Ordre de Malte / Ordine di Malta - Historique
1730-1749
-1736, Malte : un chevalier, Sébastien de Choiseul, propose en vain de créer une nouvelle monnaie. Pour toucher sa part des revenus de ses commanderies en Europe, l'Ordre perd en effet beaucoup d'argent du fait d'un taux de change qui lui est très défavorable avec la pistole d'Espagne, son unité de compte. Autrefois équivalente au ducat de Venise et à l'écu espagnol de 10 réaux, soit un peu moins de 35 livres tournois, la devise de Malte souffre de l'inflation et d'une parité fixe qui, maintenue jusqu'en 1776, ne prend pas en compte l'érosion des autres monnaies. Selon l'historien Alain Blondy, les pertes que cela entraîne représentent plus de 40% de la valeur des revenus issus des commanderies de l'Ordre au 17ème siècle et jusqu'à 60% au 18ème siècle. Mais les problèmes ne s'arrêtent pas là. N'ayant pas réuni de chapitre général depuis 1631, les Hospitaliers ne sont pas non plus en mesure de procéder à une réévaluation de leurs biens. Jusqu'en 1776, les contributions (responsions) de leurs commanderies continuent ainsi d'être calculées sur une base initialement fixée en 1533 puis 1583.
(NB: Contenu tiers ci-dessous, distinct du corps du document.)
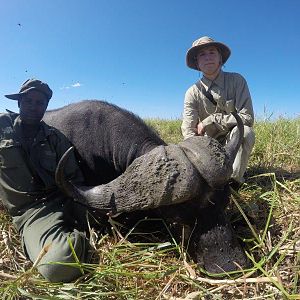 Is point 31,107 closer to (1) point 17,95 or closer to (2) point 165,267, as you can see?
(1) point 17,95

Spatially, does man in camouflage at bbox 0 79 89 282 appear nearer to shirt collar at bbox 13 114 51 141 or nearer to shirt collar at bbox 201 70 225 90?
shirt collar at bbox 13 114 51 141

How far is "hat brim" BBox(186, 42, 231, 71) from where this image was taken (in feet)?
16.1

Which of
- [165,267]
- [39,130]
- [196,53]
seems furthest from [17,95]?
[196,53]

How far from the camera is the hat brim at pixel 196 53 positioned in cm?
490

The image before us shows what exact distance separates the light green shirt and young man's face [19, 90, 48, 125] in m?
1.97

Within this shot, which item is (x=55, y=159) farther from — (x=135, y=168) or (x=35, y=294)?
(x=35, y=294)

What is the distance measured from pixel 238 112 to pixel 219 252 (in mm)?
2409

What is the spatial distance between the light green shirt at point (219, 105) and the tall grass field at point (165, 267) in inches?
43.2

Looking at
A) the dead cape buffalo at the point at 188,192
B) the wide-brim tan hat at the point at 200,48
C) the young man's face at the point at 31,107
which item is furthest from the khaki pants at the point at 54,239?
the wide-brim tan hat at the point at 200,48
-1737-1776, Malte : l'Ordre établit une Chambre de commerce qui vise à soutenir ses exportations de coton mais qui ferme ses portes dès 1741. A l'époque, l'idée du grand maître Antonio Manoel de Vilhena, mort en 1736, est de transformer La Valette en zone franche pour en faire un avant-port de Marseille. Malte se voit désormais comme un grand carrefour commercial alors que se réduisent ses activités de corsaire. Un règlement de 1723 impose ainsi des droits de douane six fois plus élevés pour les marchandises destinées à être vendues sur place plutôt que pour celles en transit après avoir été mises en quarantaine. Mais une telle politique mécontente les importateurs, les marchands urbains et les consommateurs locaux. En 1776, l'Ordre ouvre donc une nouvelle Chambre de commerce qui vise cette fois à aider les fermiers et les propriétaires agricoles, notamment les cultivateurs de coton, afin de prévenir d'éventuelles révoltes paysanes au vu des difficutés de ravitaillement auxquelles l'île est régulièrement confrontée.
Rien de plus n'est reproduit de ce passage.